Please, starting at the line that contains "Set Of Two Cream", reproduce every line exactly until the records run out, skipping all pictures.

Entries taken from a collection
○ ○ ○ ○ ○

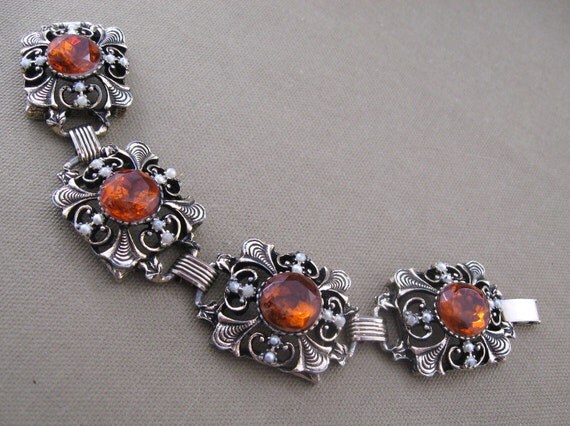 Vintage Chunky Rhinestone Bracelet Topaz Amber
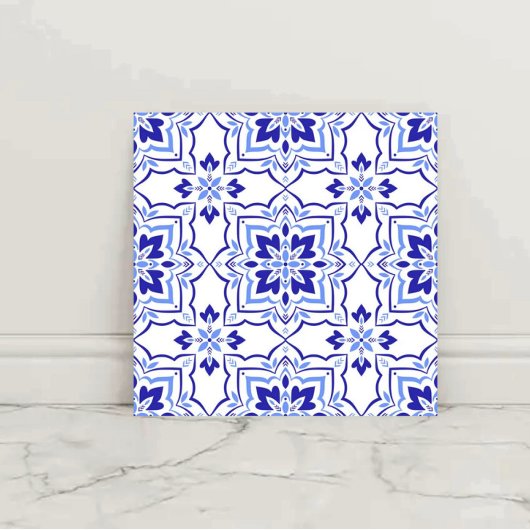 Royal Sapphire Elegant Blue Floral Mosaic タイル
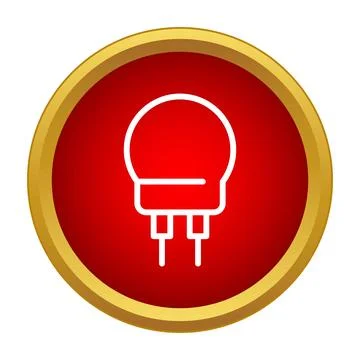 Led lamp icon on circular red button Ilustración de archivo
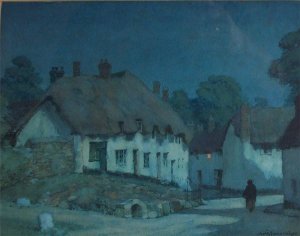 Moonlight, Devon by Albert Moulton Foweraker Oil Painting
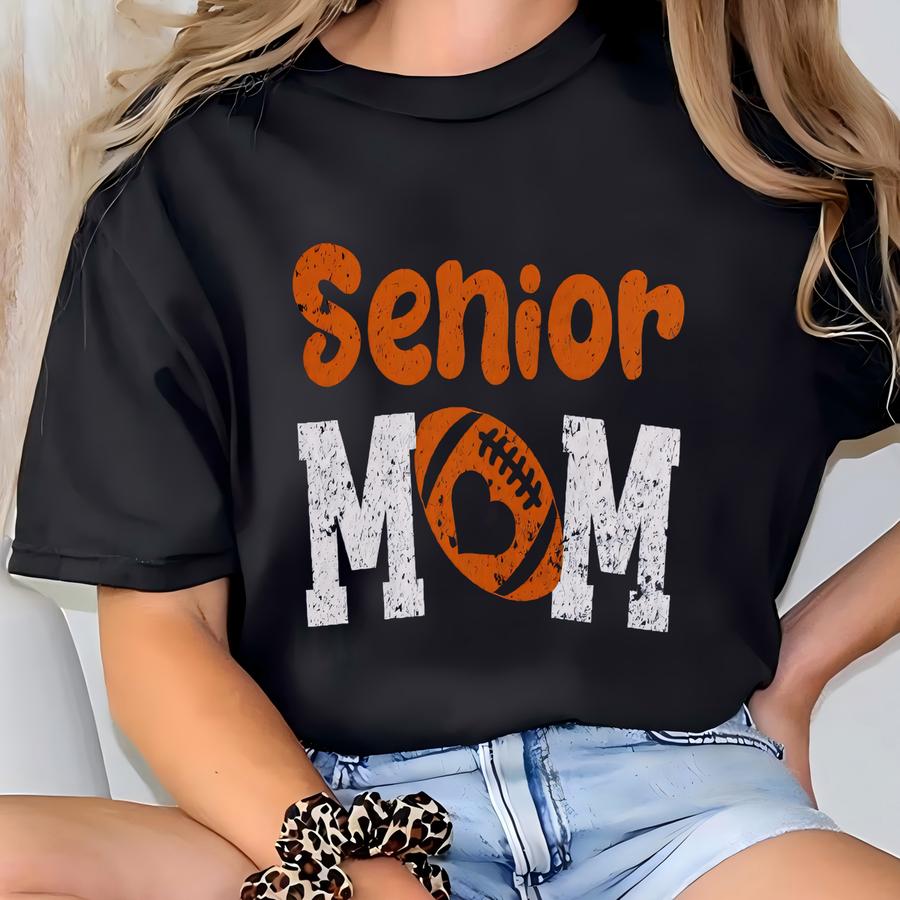 Custom Senior Football Mom Hoodie, Personalized School Spirit Wear, Teachers Gameday Shirt, Gameday Tee, Game Day Apparel T-shirt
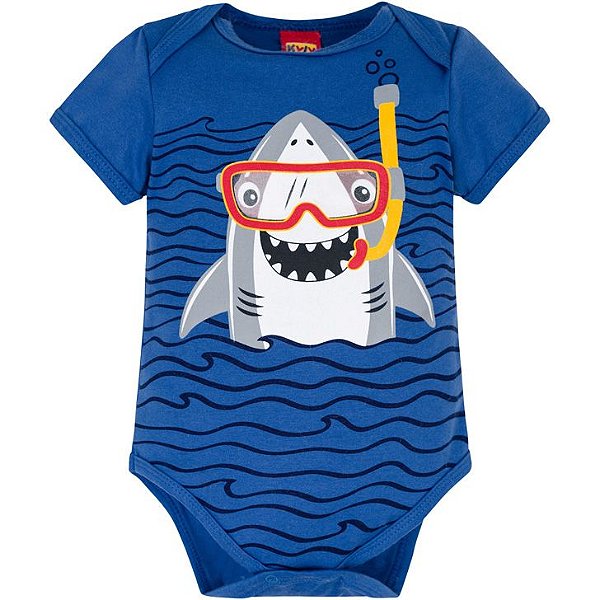 Body Bebê Malha Manga Curta Masculino Kyly 110166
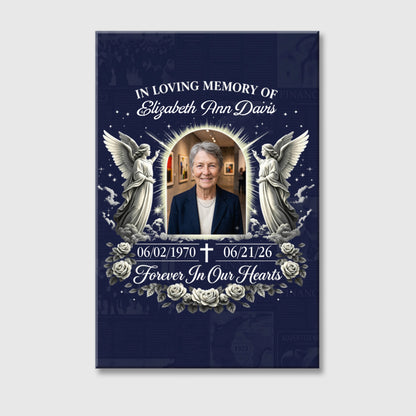 Custom "In Loving Memory" Memorial Photo Canvas / Poster - Personalized Remembrance Gift for Family Loss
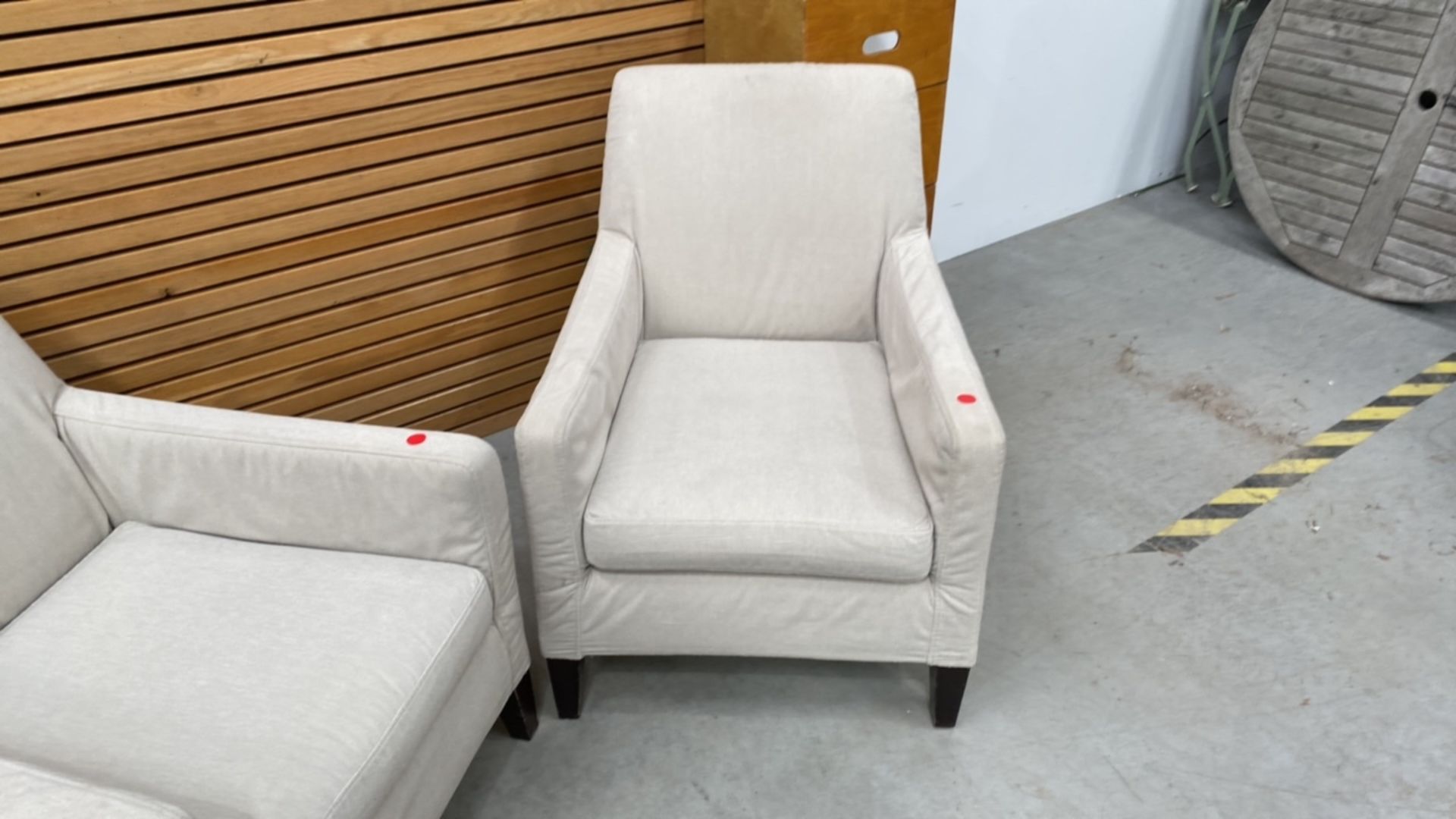 Set Of Two Cream Upholstered Armchairs - Image 4 of 5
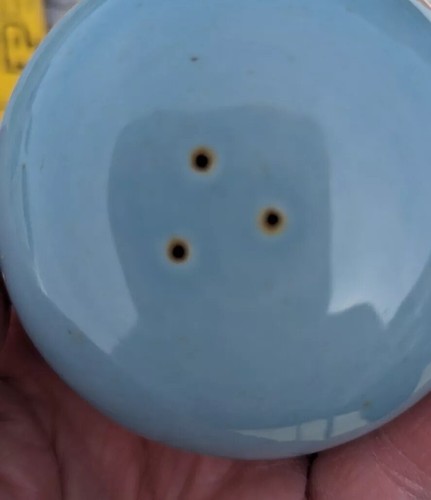 VINTAGE! Iroquois Russel Wright Salt & Pepper Shaker Set Blue Brown Tan apr24 - Picture 8 of 19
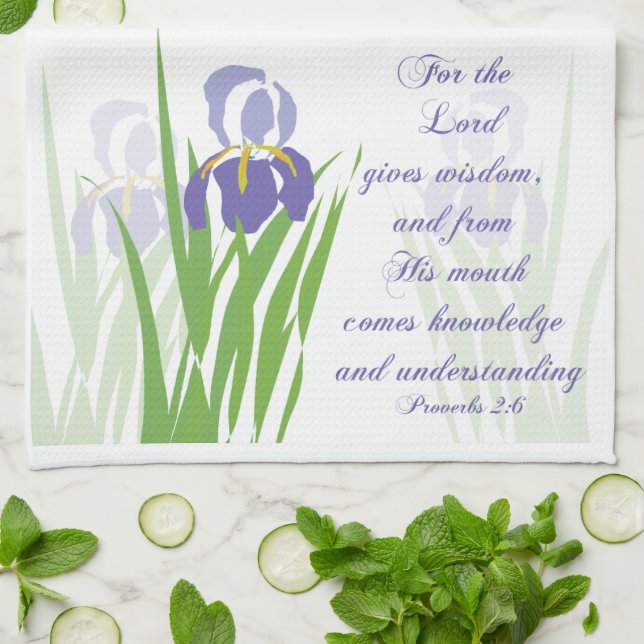 Purple Bearded Iris with Scripture verse Proverbs Kitchen Towel (Folded)
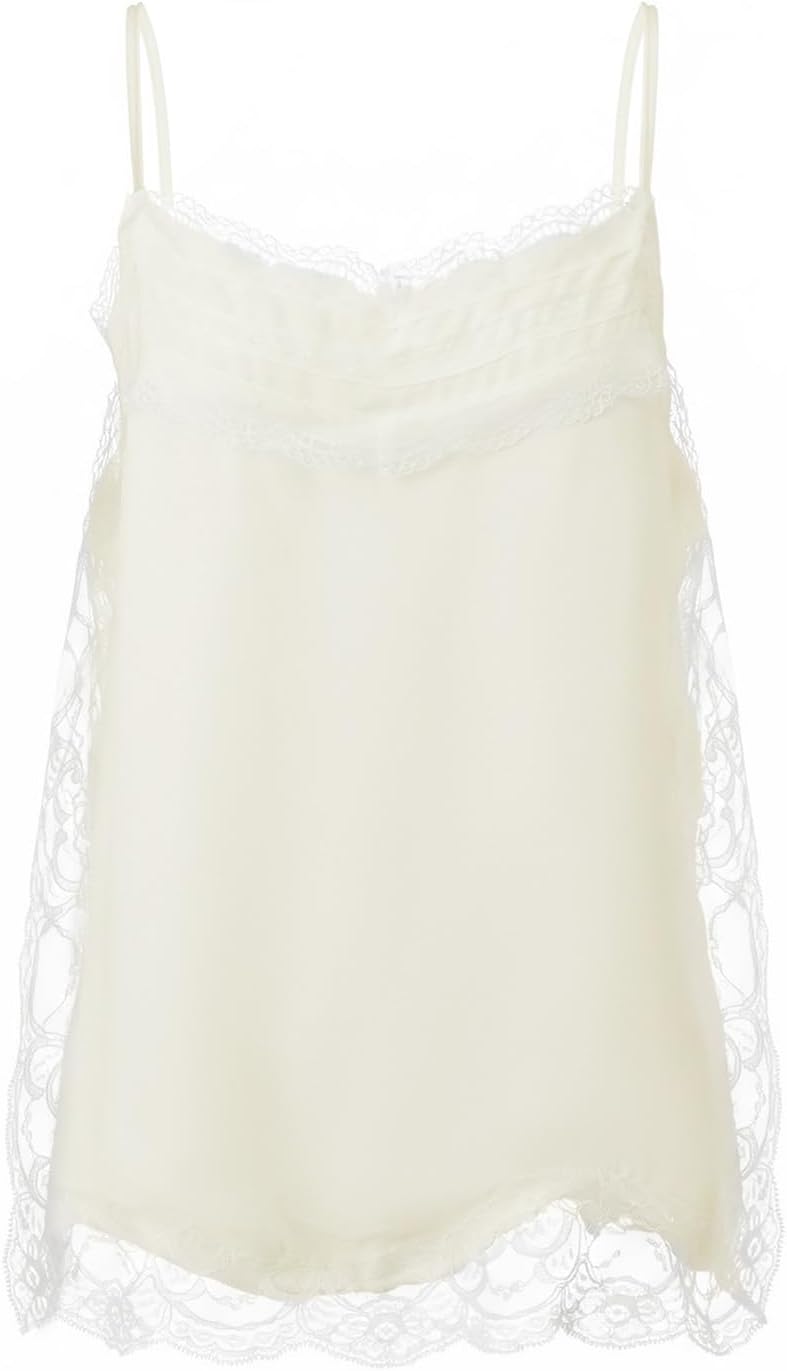 Women Y2k Chiffon Lace Trim Cami Tops Spaghetti Strap V-Neck Side Split Camisoles Cute Summer Shirt Going Out Tops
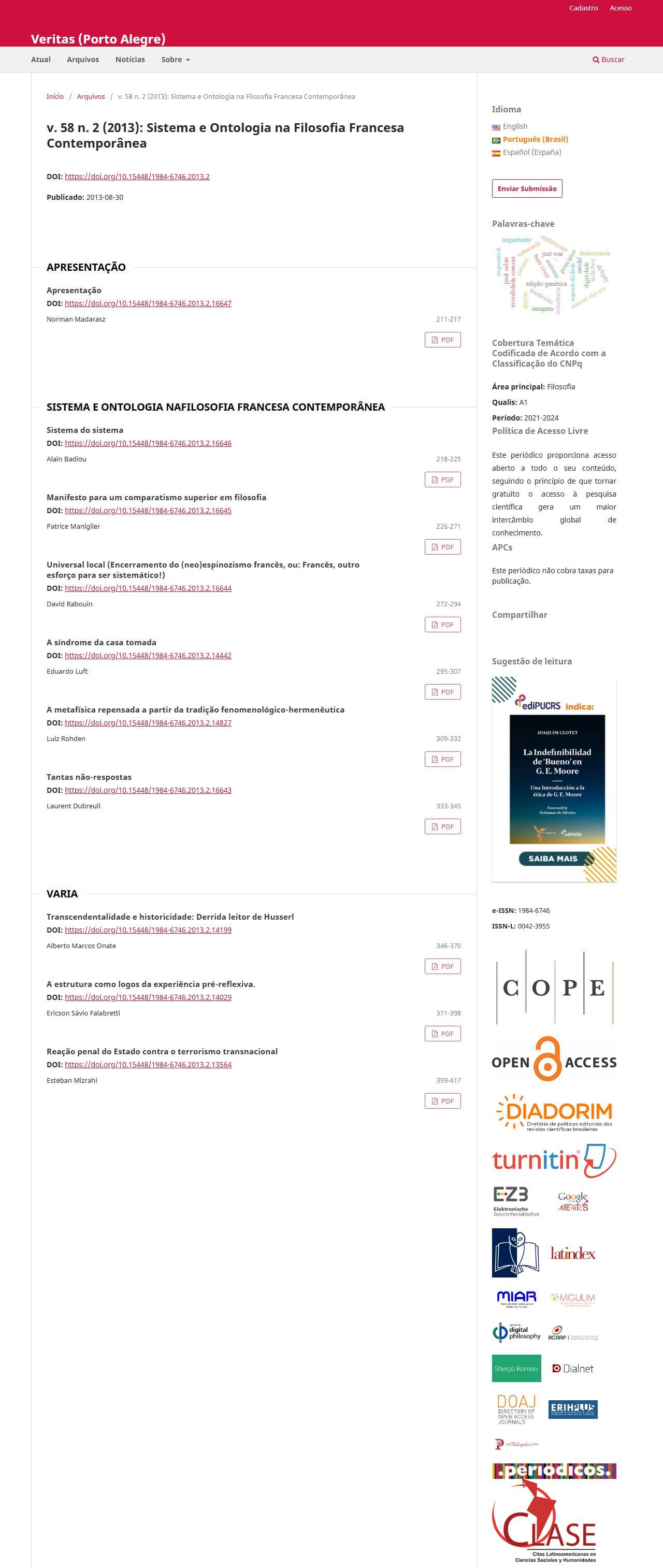Veritas (Porto Alegre) - Sistema e Ontologia na Filosofia Francesa Contemporânea, v. 58 n. 2 (2013)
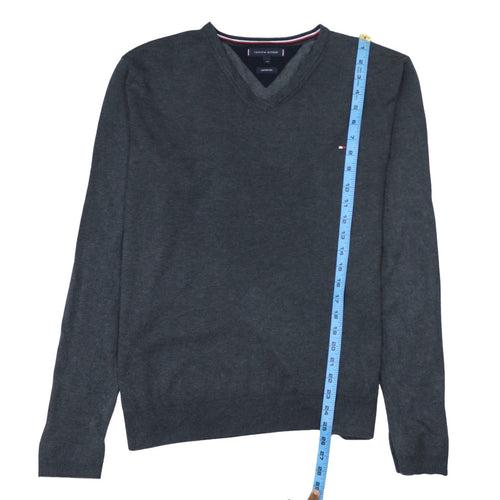 Tommy Hilfiger Men’s Grey 2XL V-Neck Cotton Silk Jumper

○ ○ ○ ○ ○

▶ **Solved exercise**
 Set Of Two Cream Upholstered Armchairs - Image 4 of 5
 VINTAGE! Iroquois Russel Wright Salt & Pepper Shaker Set Blue Brown Tan apr24 - Picture 8 of 19
 Purple Bearded Iris with Scripture verse Proverbs Kitchen Towel (Folded)
 Women Y2k Chiffon Lace Trim Cami Tops Spaghetti Strap V-Neck Side Split Camisoles Cute Summer Shirt Going Out Tops
Veritas (Porto Alegre) - Sistema e Ontologia na Filosofia Francesa Contemporânea, v. 58 n. 2 (2013)
 Tommy Hilfiger Men’s Grey 2XL V-Neck Cotton Silk Jumper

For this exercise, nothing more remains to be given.